@mjbonifa Allowing multiple files per concept - causes issue with diff command in phen.py. Deepdiff uses dictionaries to compare old and new phenotypes. Python does not allow duplicate keys in dictionaries. In order to store concept set name to file path relation, must use list of tuples instead.
@jjd1c23 I have updated branch 57-fix-convertion-of-meldb-sail-phenotypes-to-acmc-0-1-12 with the following
Merged dev into 57 so that it had some of the latest changes with the tests
Updated phen.py def extract_concepts... so that it works with a list of paths
Ran all tests and they pass as previously defined (although noting that the testing is limited and many things are not checked)

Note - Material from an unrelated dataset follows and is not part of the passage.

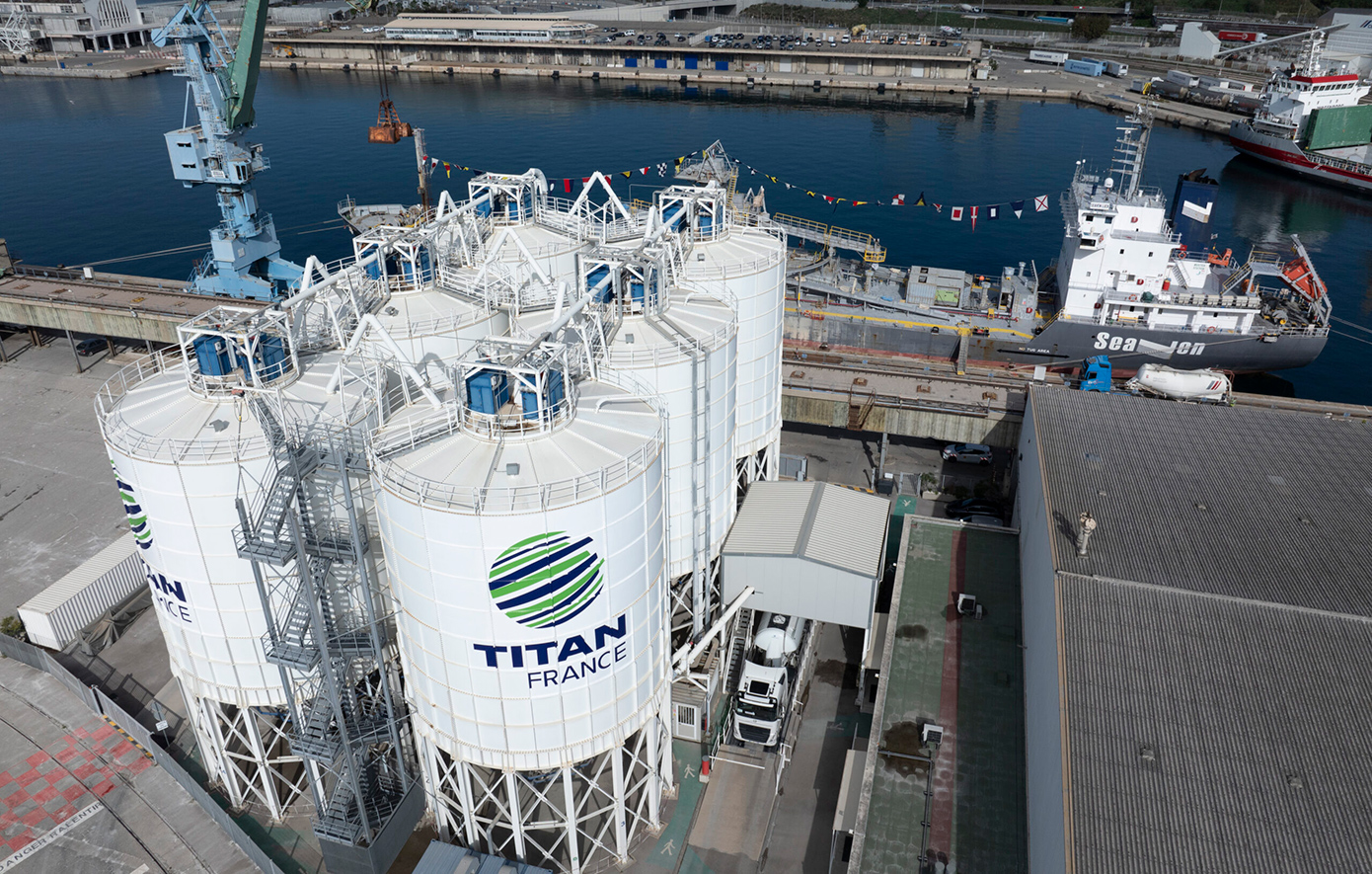 TITAN: Αντλεί 150 εκατ. ευρώ με νέα έκδοση ομολόγων και ενισχύει τη χρηματοοικονομική του ευελιξία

You should pull the branch before you start again. This is good practice anyway as you'll get the latest changes.
We need to talk about the metadata support as you've commented out a load of stuff during the implementation of the path list. It will be easier for chat for 15 to understand what we have both done to ensure we're on the same page.
Thanks @mjbonifa. I have deleted the duplicate 57-fix-convertion-of-meldb-sail-phenotypes-to-acmc-0-1-12-2, as all commits have been merged.
The commented out code metadata code didn't seem to do much, the result of the for loop were overwritten and only the last element was actually used because of the missing indentation. However by this commit df2271e2, I understand metadata shouldn't be included in the example yamls?
From by understanding the "metadata" was a static property for every concept set. e.g. the tracking columns from the excel sheet. I have created a simple add_metadata() function (commit: 62c4b649), which duplicates these for all rows in the concept set, just after translation.
There may also be a need for a "metacolumn", where values for each row are not constant and copied from the source concept tables. e.g. "WILK_READCODE" column for the ALL_MEDICATIONS concept for the workaround WP3 wanted.
Happy to discuss further in Fridays meeting if need be.
"metadata" may clutter the output -> add flag to exclude metadata from output csv
"metacolumn" requires reimplementation. Difficulty in preserving consistent metacolumn names in output (e.g. "Description" and "descriptions" metacolumns). Would require merging with database? -> deemed outside of scope, and remove implementation.